Financial performance in fiscal 2015 was strong as reduced water purchases offset a 5% decline in sales from the prior year. Senior debt service coverage was 1.73x from all revenues, or around 1.5x after $28.5 million in revenues was transferred to the RSF. Fitch's coverage calculations include the authority's share of the county's 1% property tax receipts as revenues along with the authority's fixed charges received through the infrastructure access charge and water standby availability charge.

Senior coverage in fiscal 2016 is expected to be favorable as well (around 1.55x) despite a 16% decline in sales for the year. The solid performance is expected to allow the authority to deposit an additional $6 million in the RSF and still meet its 1.5x senior lien coverage target.

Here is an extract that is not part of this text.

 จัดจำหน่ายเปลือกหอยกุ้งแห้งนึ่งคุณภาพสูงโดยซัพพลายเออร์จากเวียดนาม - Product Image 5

Cash reserves are healthy, with operating reserves and rate stabilization funds providing $123.6 million or 99 days cash on hand at the end of fiscal 2015, up from $109.6 million at the end of fiscal 2014. This level of core reserves is considered adequate for the authority's wholesale agency risk profile. The authority also maintained another $103 million in reserves at the end of fiscal 2015 related to equipment replacement and water purchases to fill San Vicente Reservoir over the next couple of years. Including these additional balances, days cash was a solid 181 days.

Additional information is available at 'www.fitchratings.com'.

Applicable Criteria

Revenue-Supported Rating Criteria (pub. 16 Jun 2014)

https://www.fitchratings.com/creditdesk/reports/report_frame.cfm?rpt_id=750012

U.S. Water and Sewer Revenue Bond Rating Criteria (pub. 03 Sep 2015)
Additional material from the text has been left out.